Die Deutsche Welle war im Mai 1953 mit einem deutschsprachigen Radioprogramm gestartet, gedacht als Brücke zu den Millionen Landsleuten, die in den vorangegangenen Jahrzehnten ausgewandert waren. Nach und nach kamen immer mehr Programme in anderen Sprachen hinzu. Zahllose Journalisten, die in ihren Heimatländern nicht frei arbeiten konnten, fanden und finden so eine Möglichkeit - früher von Köln und heute von Bonn und Berlin -, die Menschen zuhause unabhängig zu informieren. Technisch baute die Deutsche Welle eines der leistungsfähigsten globalen Kurzwellen-Netze auf. Später kamen Fernsehformate dazu, nach der Deutschen Einheit mit der Übernahme des deutsch-amerikanischen RIAS-TV als aktuelles Satellitenprogramm, und erste Online-Angebote.

Der Bedeutungsverlust der Kurzwelle gegenüber den neuen Medien, mehr aber noch drastische Haushaltskürzungen ab Ende der Neunziger Jahre veranlassten die Deutsche Welle, ihr Radio-Angebot stark herunterzufahren. Intern war dies heftig umstritten, ist doch die Kurzwelle ein besonders schwer zu blockierender Verbreitungsweg. Aber irgendwoher musste das Geld für den unumgänglichen Ausbau der Fernseh- und Online-Angebote kommen.

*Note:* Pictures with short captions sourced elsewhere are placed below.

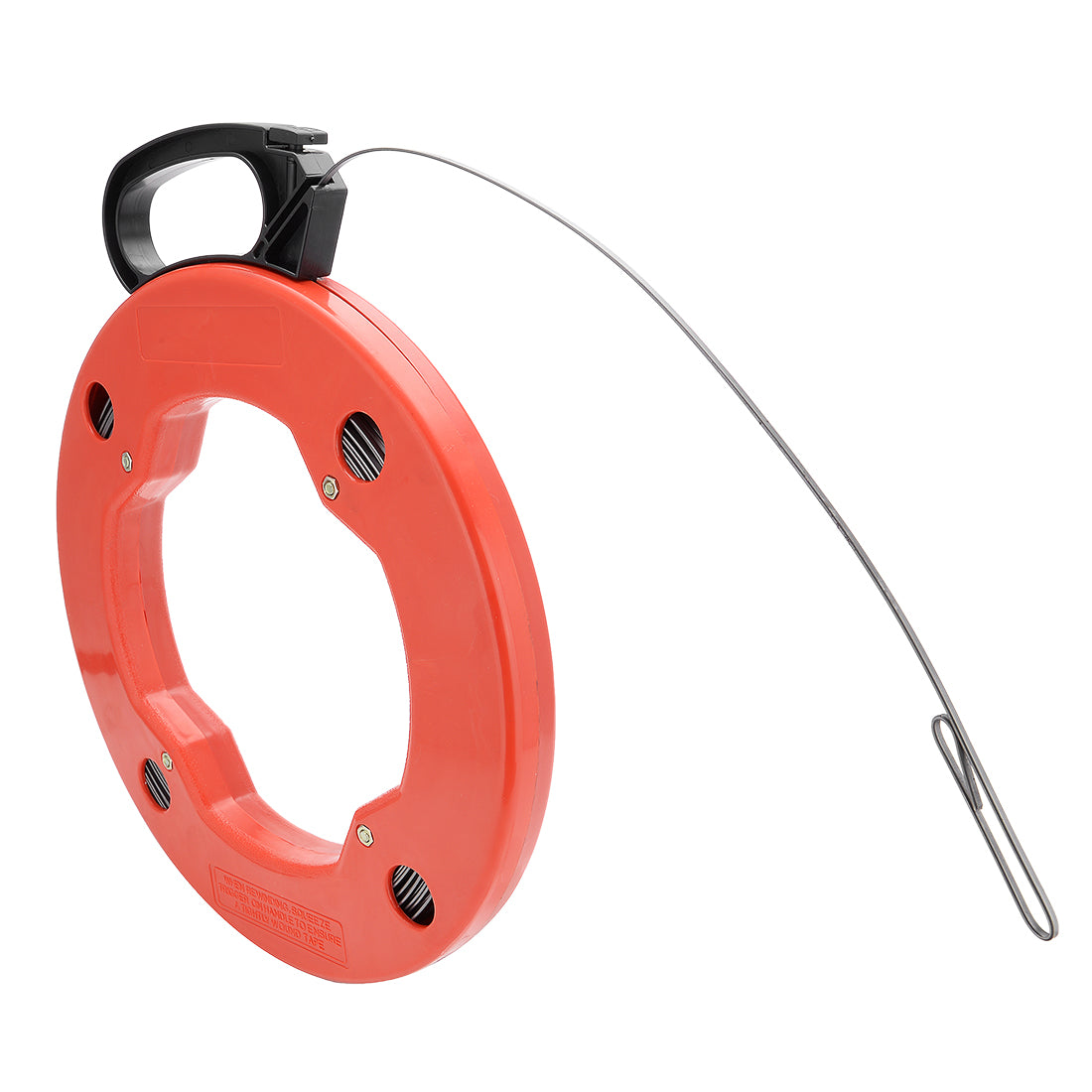 Harfington 131 Feet (40M) Electrical Fish Tape Reel, Pull Communication Wire Cable Line From Drywall, Ceiling, Under Rug Conduit or Pipe 0.12" W x 0.05" H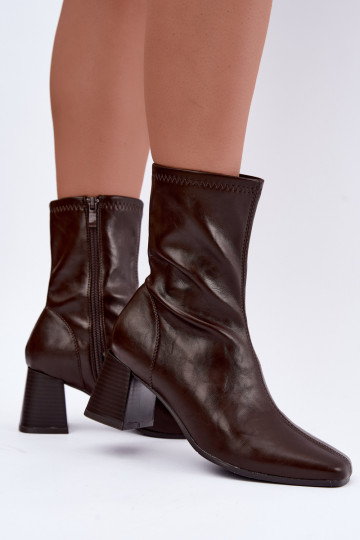 Damen braune Stiefel Veradis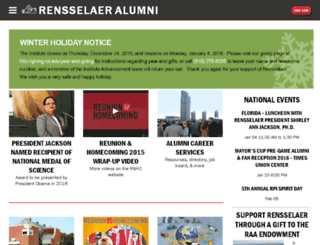 alumni.rpi.edu screenshot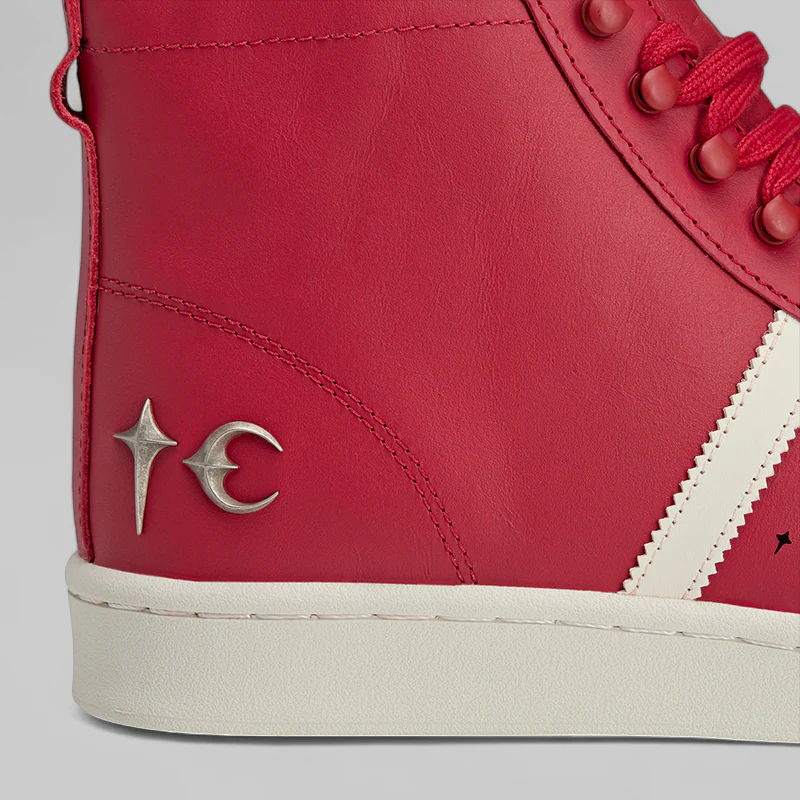 X Thug Club Superstar Boot Luxe - Red/Off White - Image 4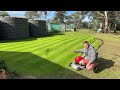 how to stripe your lawn it s actually extremely easy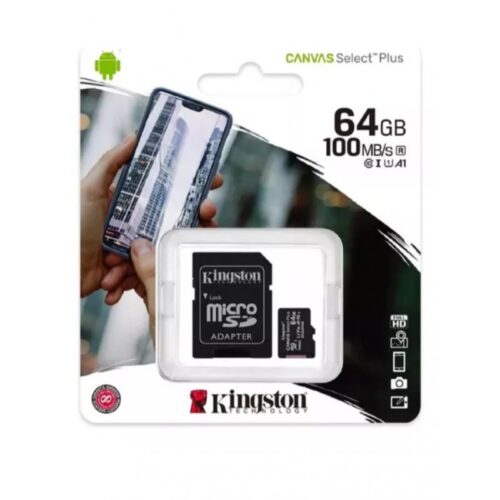 Memoria microSD kingston select plus 64gb clase 10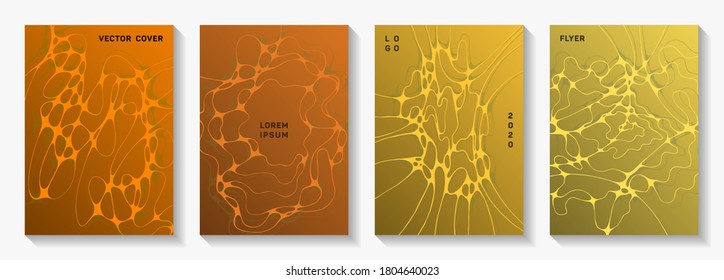 Volantes de fiestas de baile premium. Olas redondeadas tejen fondo. Delicar diseños vectoriales de páginas de título. Afiches y pancartas de una fiesta disco fluido diseño gráfico ondulado.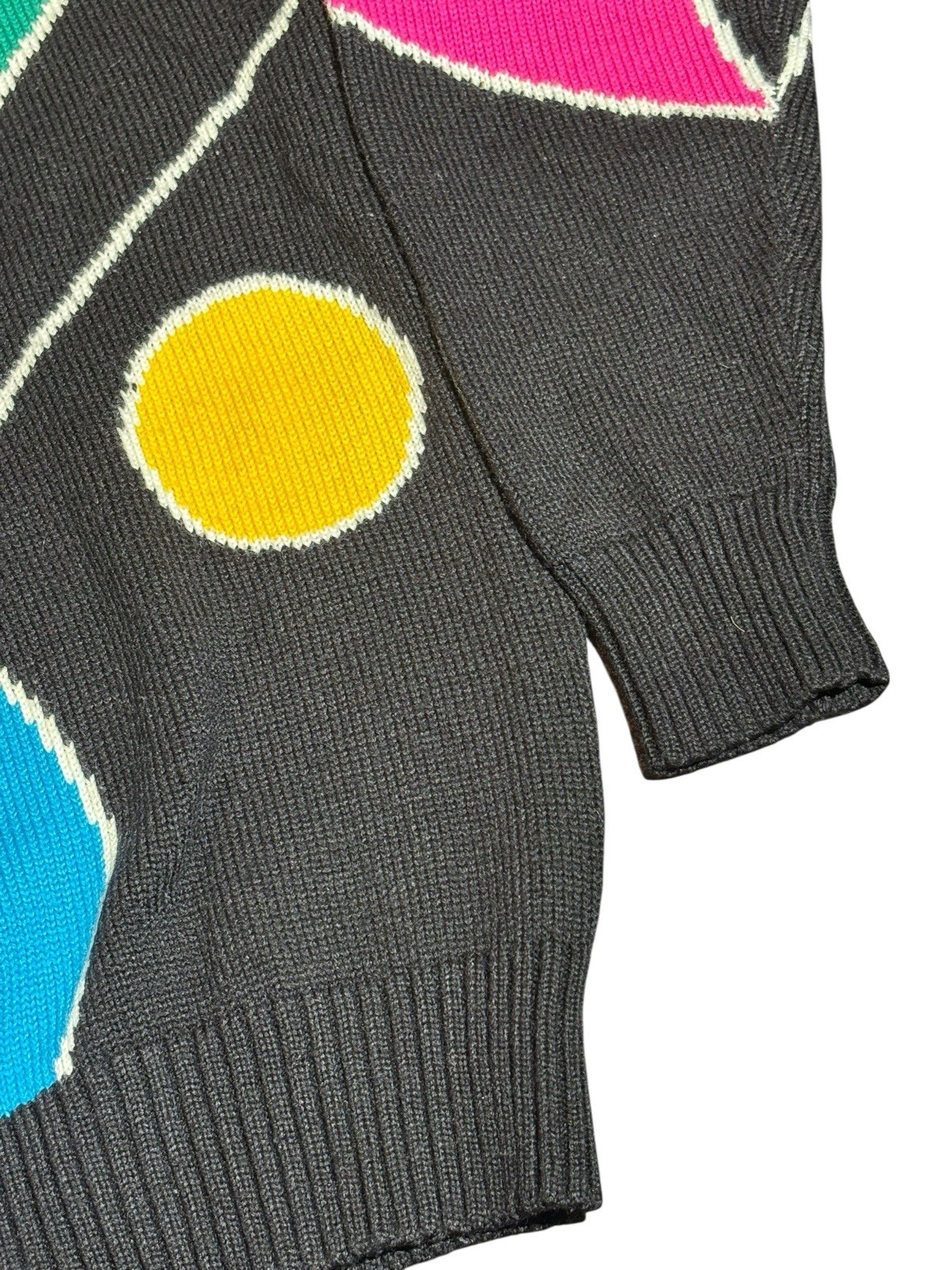 Vintage Tyrolia By Head Ski Sweater 80s 90s Women’s Medium Wool Blend Colorful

Heute erreicht die DW ihrem Evaluationsbericht (19/373) zufolge mit Abstand die meisten Menschen mit ihrem Fernsehangebot. Radio und Online liegen gleichauf, wobei die mobile Online-Nutzung besonders hohe Zuwachsraten aufweist.

In der vergangenen Legislaturperiode hat der Sender erstmals nach einer langen Durststrecke wieder deutlich mehr Geld erhalten. Sie nutzte es, um ihre Reichweite auf 157 Millionen wöchentliche Nutzerkontakte zu steigern. Bis 2021 strebt der Sender gar 210 Millionen an. Neben dem regulären Fernsehkanal DW Arabia legte der Sender auch ein zusätzliches TV-Angebot für arabischsprachige Flüchtlinge in Europa auf. "Mit diesem Kanal konnten wir viele Inhalte über die deutsche Kultur und unsere Wertewelt an die Menschen vermitteln, die hier Schutz vor Krieg und Verfolgung gesucht haben, und besonders für die Kinder einen Einstieg in die deutsche Sprache bieten", freut sich Limbourg. Weitere, zum Teil gemeinsam mit dem französischen Auslandsrundfunk aufgelegte Angebote vermitteln den Menschen in den Herkunftsländern ein realistisches Bild der Situation von Flüchtlingen in Europa.

Neue Sprachen Zukünftig möchte der Sender seine Angebote stärker regionalisieren, um besser an die Lebenswirklichkeit der Menschen anzuknüpfen. Sofern das Geld reicht, will sie zudem neue Sprachangebote starten. "Beispielsweise wären weitere afrikanische Regionalsprachen in den Gebieten, in denen Klimawandel und Bedrohung durch Terror wichtige Themen sind, ein Gewinn für unsere Nutzer", stellt der Intendant fest. Die Chancen stehen nicht schlecht, denn im ausgehandelten Koalitionsvertrag heißt es: "Wir wollen das Budget der Deutschen Welle auf das vergleichbarer europäischer Auslandssender anheben." Doch bis dahin ist es ein weiter Weg. 2017 lagen die Zuweisungen des Bundes an die DW bei rund 326 Millionen Euro. Dem gegenüber verfügte der französische Auslandssender über etwa 389 Millionen und die BBC gar über 523 Millionen Euro.